The Versatility of Fluorescent Probes on Protoplasts

With the advent of cell imaging technologies, fluorescence microscopy has been increasingly used for the visual insight it provides. While many probes can be used on plant tissues, autofluorescence and probe specificity have turned out to be an issue. Some dyes also tend to accumulate within the CW microfibrils, tempering with the imaging process (Blachutzik et al., 2012).

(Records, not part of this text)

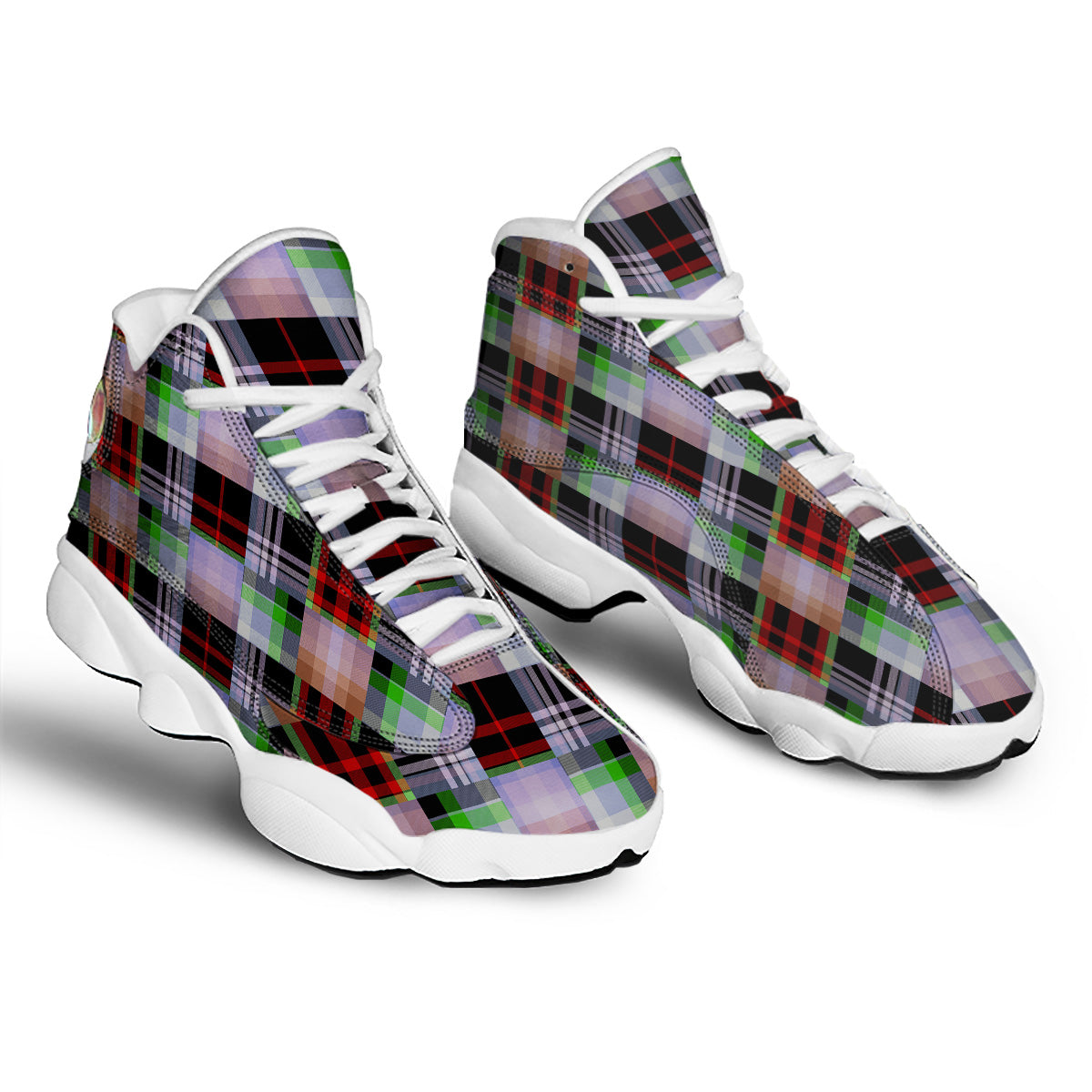 Patchwork Plaid Madras Print Pattern White Basketball Shoes-grizzshop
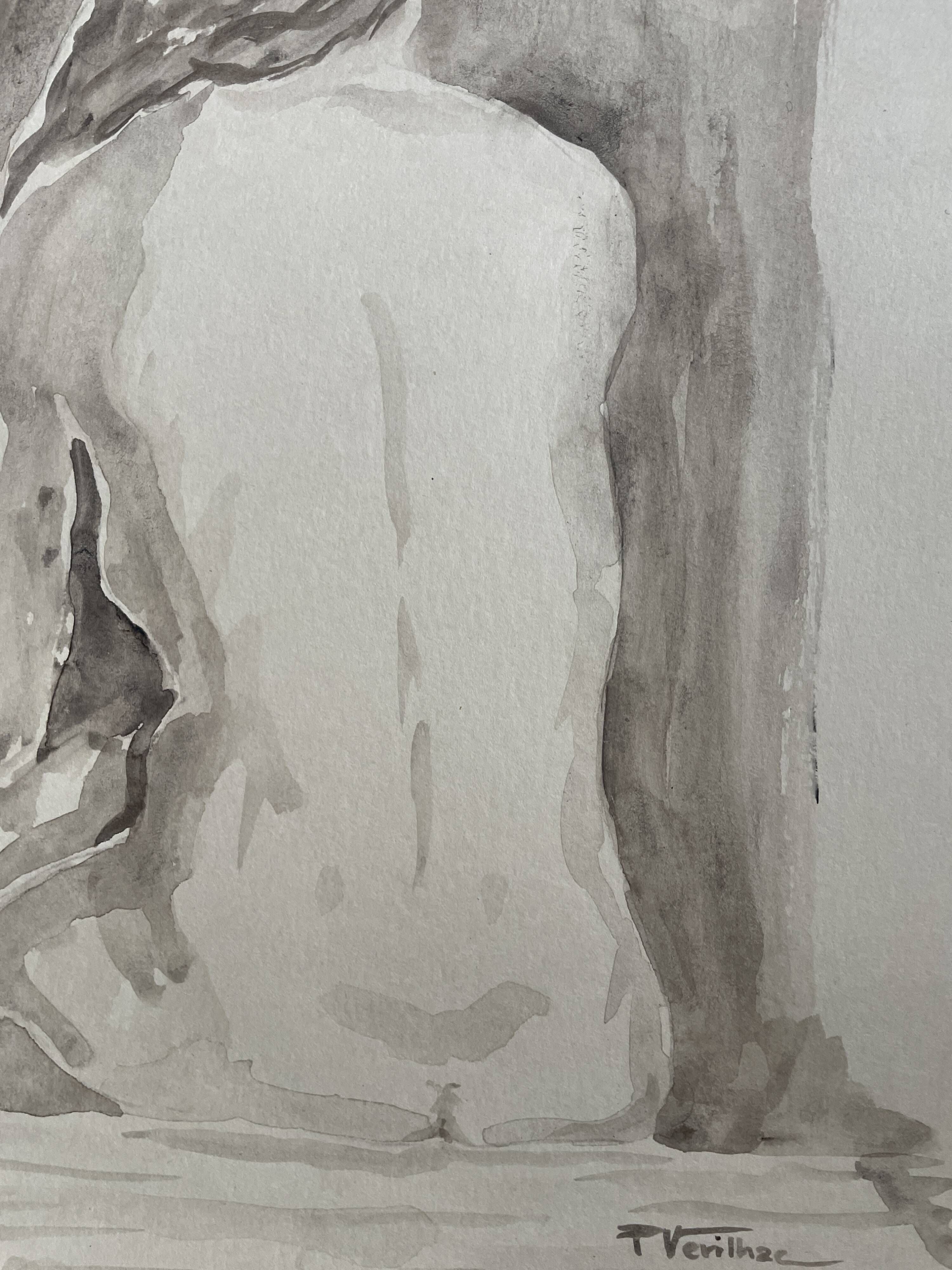 Painting signed watercolor monochrome sepia female nude portrait seated from behind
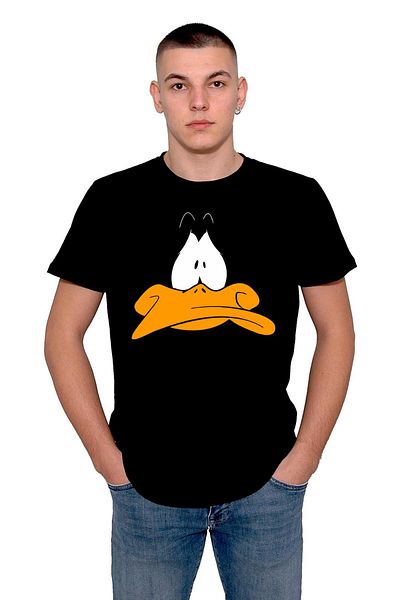 BIGROON Tricou unisex cu dungi cu model Daffy Duck Donald Duck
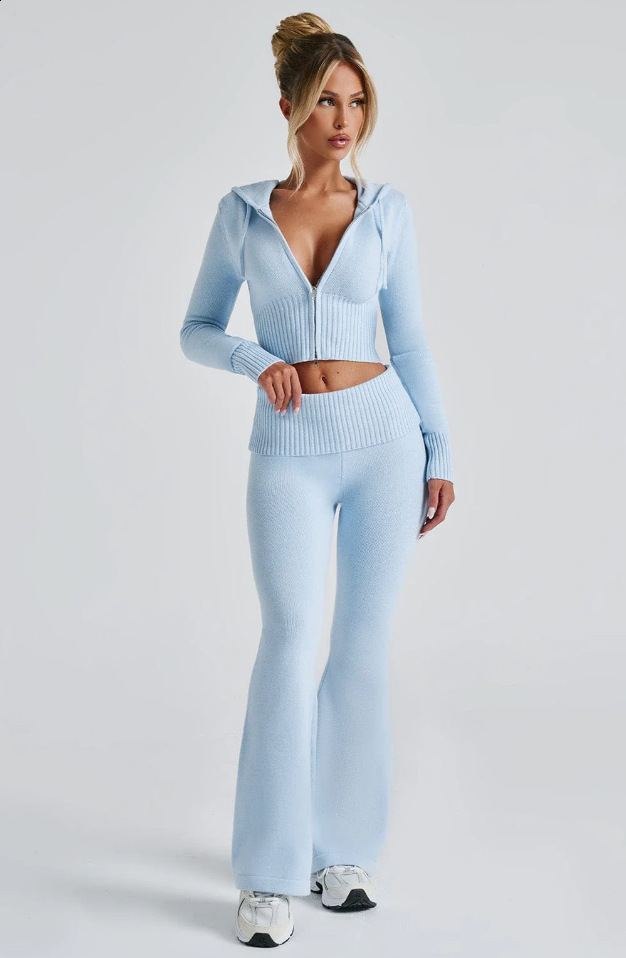 I. AM. GIA Womens Two Pieces Set Pant Sets Bralette High-waisted Casual Summer Tracksuit Y2k Hooded Cardigan Sweatshirt Set 250407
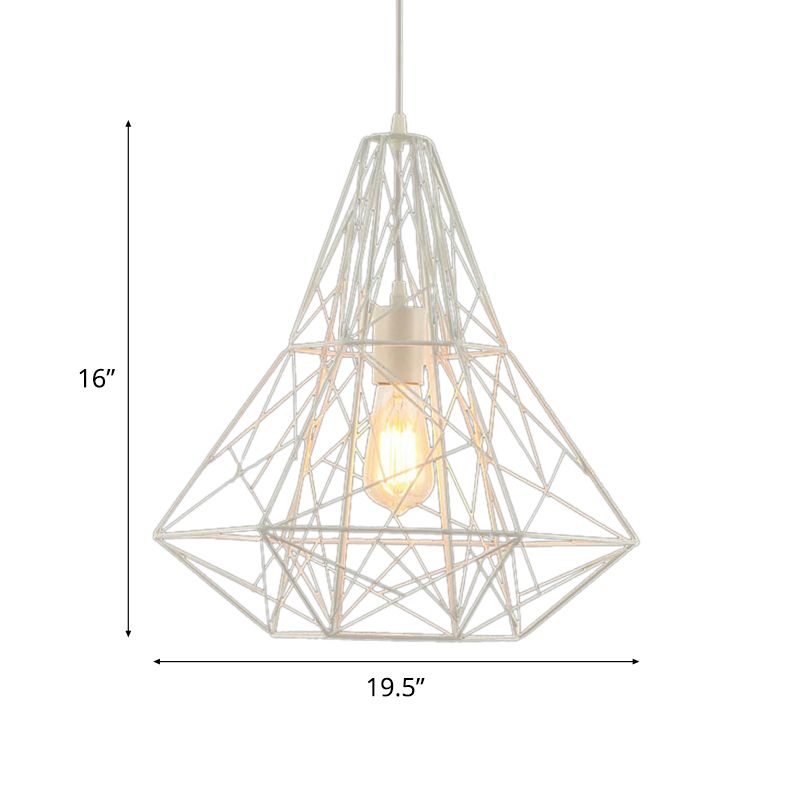 Industrial Cage Diamond Pendant Lighting 1 Head Metallic Hanging Lamp in Black/White for Dining Room, 16"/19.5" Dia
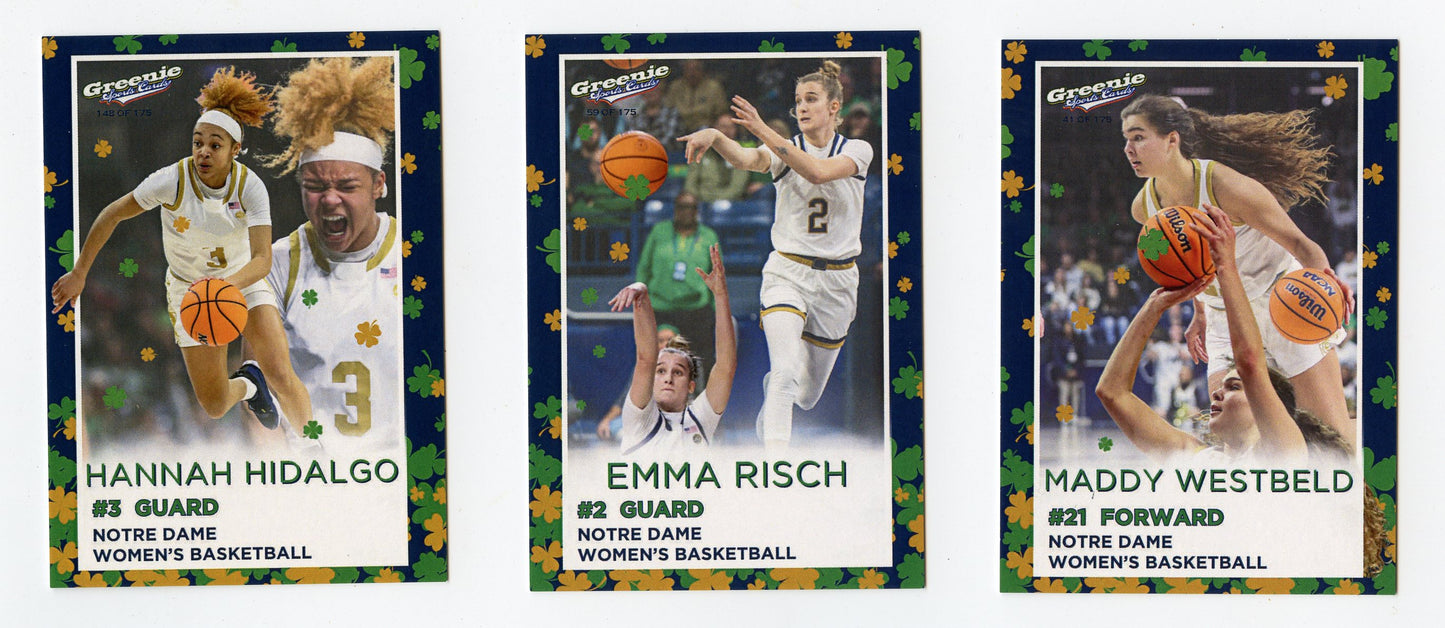 2023-24 Notre Dame Women's Basketball.  Team Set produced by Greenie Sports Cards.  Serial Numbered to only 175 Sets Produced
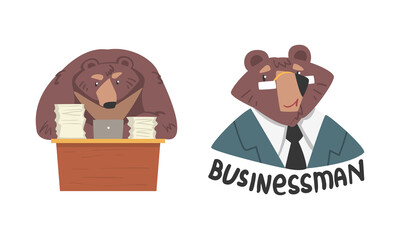Bear Businessman Character in Tie Sitting at Desk with Laptop Doing Paperwork Vector Set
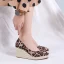 Chic / Beautiful Blushing Pink Street Wear Braid Womens Shoes 2020 Leopard Print 7 cm Wedges Pointed Toe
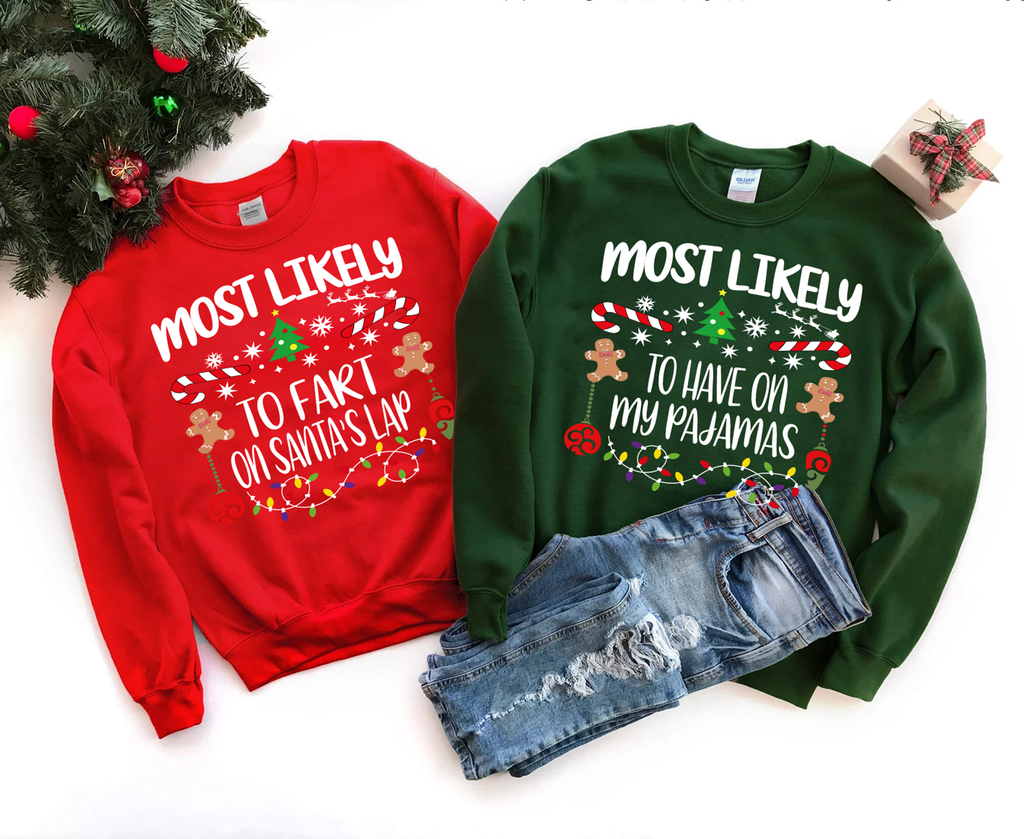 Matching Family Christmas Shirts, 540 Quotes Funny "Most Likely To Party Tees, Xmas shirts
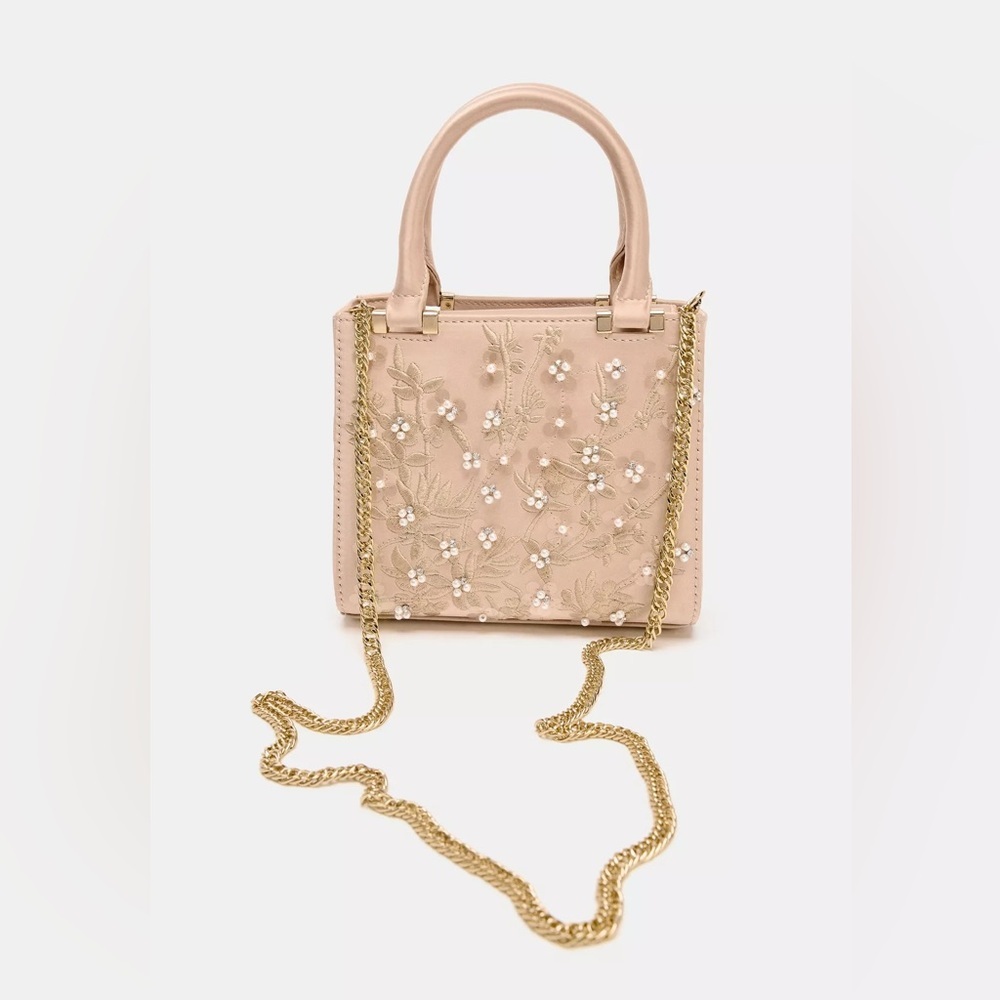 ZARA EMBROIDERED BEADED STRUCTURED HANDBAG BRIDAL - Picture 2 of 4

Fluorescent probes applications on protoplasts appear then as particularly useful since they allow observations at the single cell level without the issues caused by the presence of the CW (Figure 1 for an overview).

Cell Viability and DNA Damages

Fluorochromes are often used to discriminate between living and dead protoplasts and to assess their viability and the damages they might have suffered. Indeed, protoplast isolation procedures and the culture conditions that follow, may induce cell stress or damage (Neelakandan and Wang, 2012), which should be avoided if one wants to study the effect of biotic and abiotic stresses. One of the most referenced dyes is FDA (fluorescein diacetate), which highlights living cells (Bertini et al., 2019; Sangra et al., 2019; Qiu et al., 2020) or Evan’s blue, which highlights dead ones (Kollárová et al., 2019). Other fluorochromes can be used, such as PI (propidium iodide), DAPI (4'6-diamidino-2-phenylindole, dichloride), and 7-AAD (7-amino-actinomycin D) that do not cross intact PMs. Issues have previously been raised regarding techniques using fluorescence microscopy, as the quantification is linked to the viewer’s perception of fluorescence (Aoyagi, 2011; Badaró Costa et al., 2018). Thus, new automated measurements, such as flow cytometry (FCM; Zhou et al., 2019; González-García et al., 2020) and Muse cell analyzer, a compact FCM, allowing screening and sorting of protoplasts, along with measures on smaller volumes have been developed (Badaró Costa et al., 2018).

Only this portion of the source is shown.